J is for jobs

J is for jobs

Date: 28 September 2014

Agriculture currently employs about 65% of Africa’s population, but the figure is likely to continue to fall given current speeds of rural to urban migration (40% of African people live in urban areas at the moment but the figure will be more than 50% by 2030). Because of this, it is critical that opportunities for employment in rural areas are developed and that the livelihoods of smallholder farmers are supported. Small-scale producers are the cornerstones of local and sustainable food systems.

Supporting them will also help to prevent the ‘urbanisation of poverty’: according to the World Bank, although more and more people in Africa have moved to cities, overall levels of poverty have not been reduced. Not only could job creation in rural areas help to slow down rural-to-urban migration, but there is evidence that creating jobs in agriculture can often be cheaper than creating jobs in other sectors of the economy.

There is also a pervasive myth that large-scale farms are more efficient and productive than smaller ones. Although total yields on large farms can sometimes be higher (per hectare) than small farms, smaller farms usually cost less to run: labour on small farms tends to be cheaper than the cost of machinery on larger farms. Because smaller farms tend to be less mechanised, they usually employ more people per hectare than industrial farms. Farmers are also more likely to have control over their resources and livelihood on a small farm compared to working as labourers on larger farms where they may be exploited. Therefore, investing in small-scale agroecological farming can have an important impact on protecting and creating jobs, but also on giving farmers more control over their lives. The United Nations estimates that by ‘greening agriculture’ (transforming it into sustainable agriculture), 47 million jobs over the next 40 years could be created.

Photo credit: UNMIL / Christopher Herwig


About the A-Z of food sovereignty project

The A-Z of Food Sovereignty in Africa shows the positive alternatives to corporate-led agriculture. A new letter was posted each day in the lead up to World Food Day arrived on 16 October 2014.

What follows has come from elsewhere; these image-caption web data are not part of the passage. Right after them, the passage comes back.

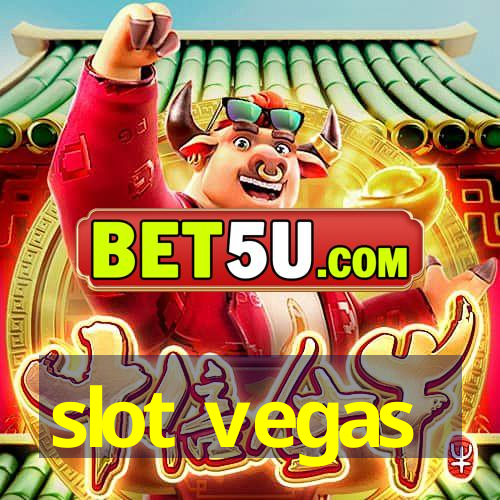 slot vegas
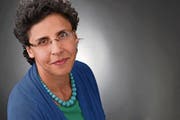 Menschenrechtsaktivistin Elham Manea (52). (Bild: PD)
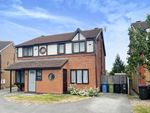 Thumbnail to rent in Wentworth Drive, Dunholme, Lincoln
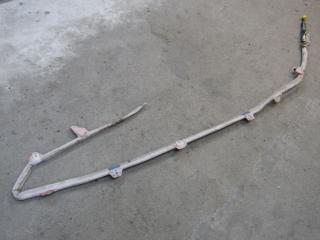 подушка безопасности боковая (шторка) Volkswagen Touareg 1 поколение 2006, 7L6880742A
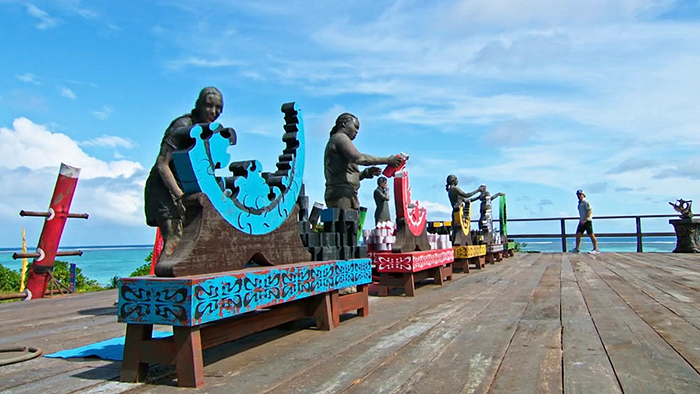 Ep.13 F5 IC: Counting Crows Nest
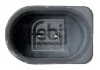 Подушка двигуна AUDI A4/A6 \'\'2.0-2.7 "00-08 FEBI BILSTEIN 184089 (фото 3)
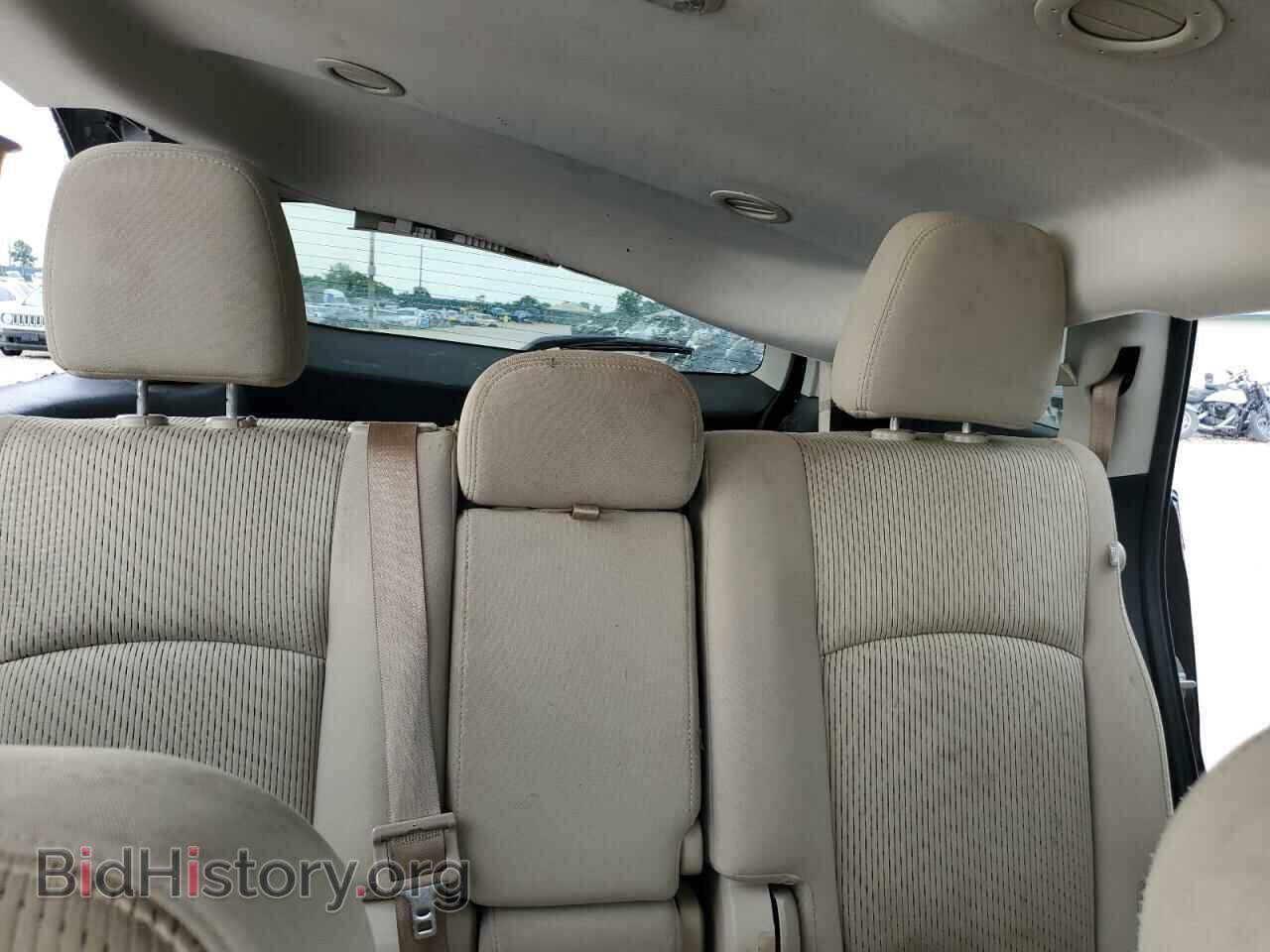 2017 DODGE JOURNEY - VIN: 3C4PDDBG3HT575132 - Фото 10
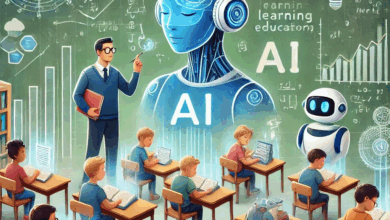 කෘතිම බුද්ධිය (AI) සහ අධ්‍යාපනය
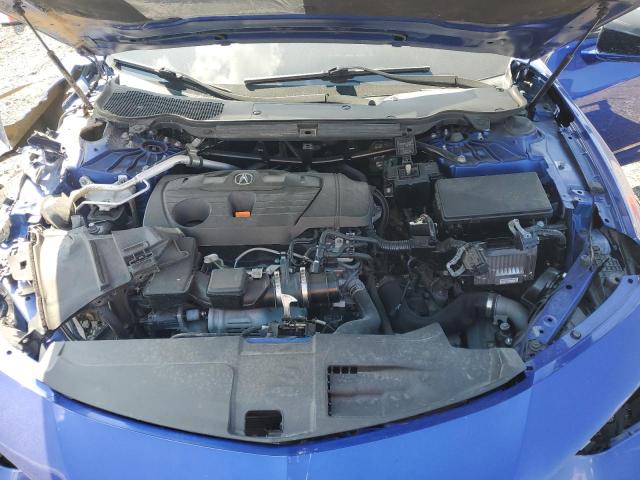 Photo 10 VIN: 19UUB5F54MA003433 - ACURA TLX TECH A 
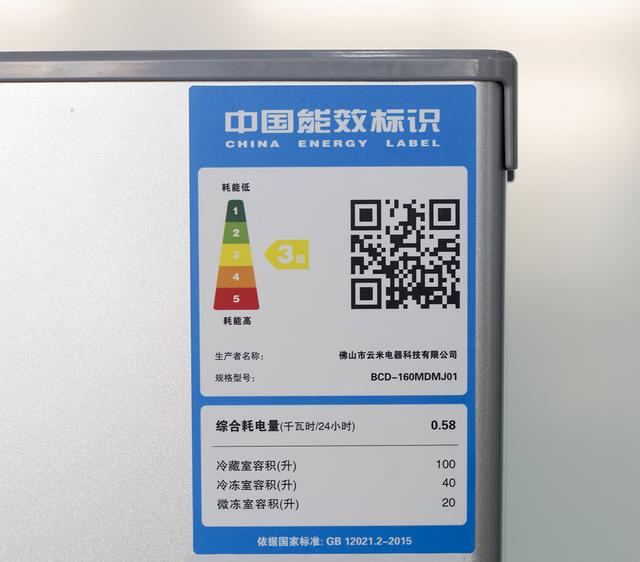 超薄迷你冰箱推荐款有哪些（迷你冰箱不是小户型的救星）(54)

Africa’s small-scale food producers already know how to produce enough food sustainably to feed themselves but the political and economic rules which govern the food system are set against them. These rules are written by and for multinational companies and political elites, in support of a global food system that benefits them rather than the millions of smallholders and family farmers who produce the food and get little in return.